Il momento di transizione post-guerra fredda, contraddistinto dai tentativi degli Stati Uniti di capitalizzare il Momento unipolare all’inseguimento del Project for a new American century, è finito da qualche parte tra la guerra in Georgia del 2008 ed Euromaidan. Ma da Washington a Tel Aviv, passando per la bella addormentata Bruxelles, i decisori occidentali agiscono su una linea temporale che sembra ferma tra il 1999 e il 2003.

Il problema dei decisori occidentali (e di chi li sussurra) è l’anacronismo. Credere che sia (ancora) possibile parlare di Momento americano nell’epoca di imperi redivivi e potenze emergenti che inseguono un mondo multipolare.

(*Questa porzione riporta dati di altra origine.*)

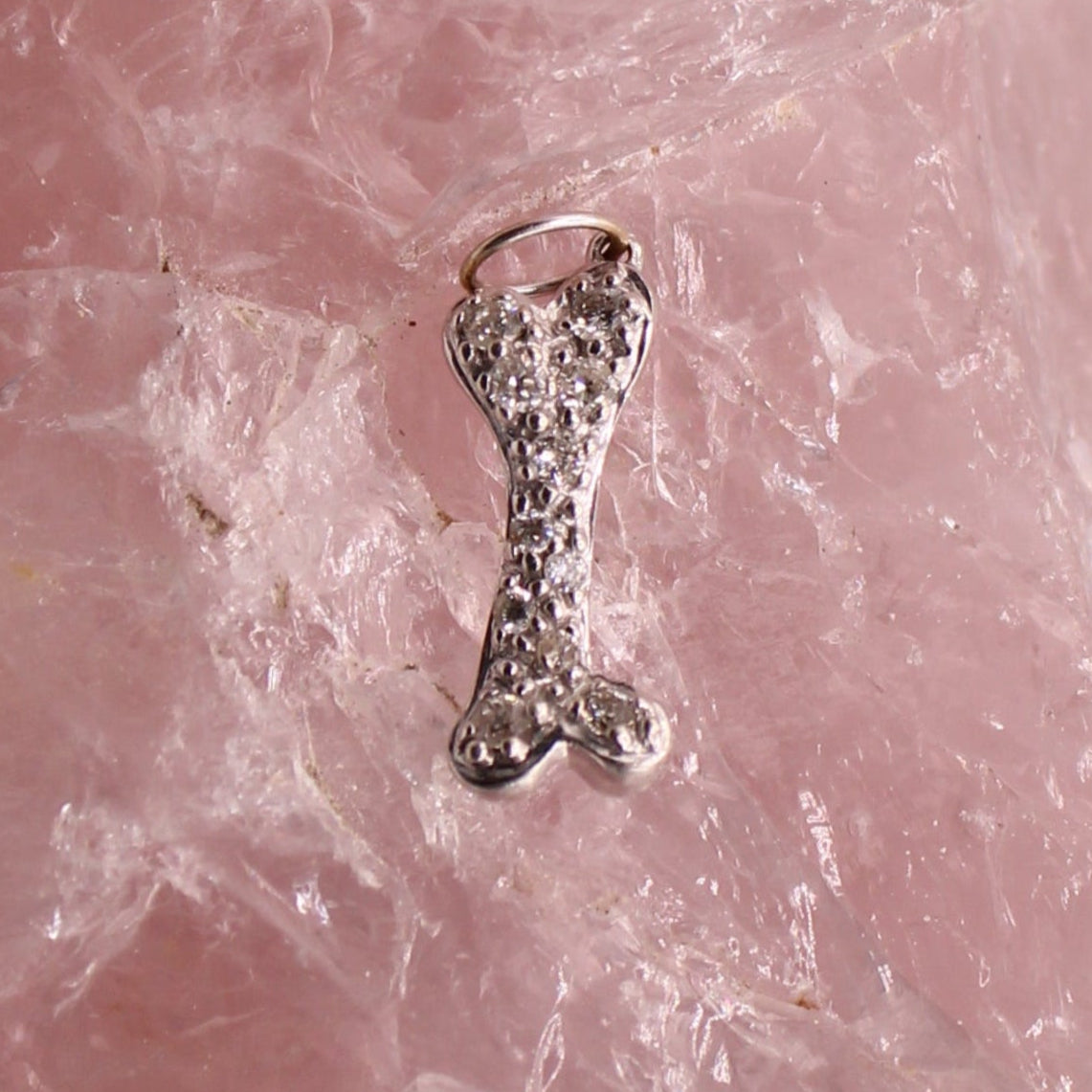 *SOLD* Sydney Evan 14kt White Gold Diamond Pave Set Dog Bone Medium Charm Pendant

Credere che sia (ancora) possibile parlare di egemonia economica globale dei G7 nell’era di ASEAN, BRICS e parenti. Credere che i conti in sospeso della Guerra fredda, e la Palestina è uno di questi, non sarebbero stati reclamati da qualcuno nell’età della competizione tra grandi potenze.

L’era degli archi di (poli)crisi

L’America deve prepararsi a “un mondo fuori controllo” scriveva uno dei giganti del Novecento, lo stratega Zbigniew Brzezinski, alla vigilia del Duemila. La storia ha dato ragione a colui che diede il colpo di grazia all’Unione Sovietica, sceneggiando la rivoluzione polacca e la guerriglia afgana degli anni Ottanta, e che nel dopo-11/9 mise in guardia la presidenza Bush dagli effetti a lungo termine delle guerre della War on Terror.

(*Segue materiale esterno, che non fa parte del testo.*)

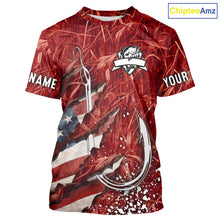 Load image into Gallery viewer, American flag fish hook red camo fishing custom sun protection performance long sleeve fishing shirt NQS10012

I consigli e le letture del saggio Brzezinski non hanno trovato orecchio disposto all’ascolto ed è così che il Momento unipolare, che primavere arabe, rivoluzioni colorate nell’ex Urss e guerre al terrore, avrebbero dovuto cristallizzare, è divenuto involontariamente il ventre materno della Transizione multipolare. Fenomeno incompreso, talvolta deriso, che ha riacceso conflitti congelati e risvegliato nazionalismi dormienti, generando terremoti geopolitici dall’Europa all’Africa e innescando archi di crisi intra- e intercontinentali.

L’imprevedibilità è la cifra distintiva di questa parte di secolo perché l’arrivo del multipolarismo ha ucciso il mondo dei poliziotti globali. E coloro che si ostinano a vivere nel passato, come la Francia nella coup belt, gli Stati Uniti tra Ucraina e Indo-Pacifico, e Israele con la Palestina, sono condannati a subire quest’imprevedibilità, anziché accompagnarla e, con un po’ di fortuna, cavalcarla.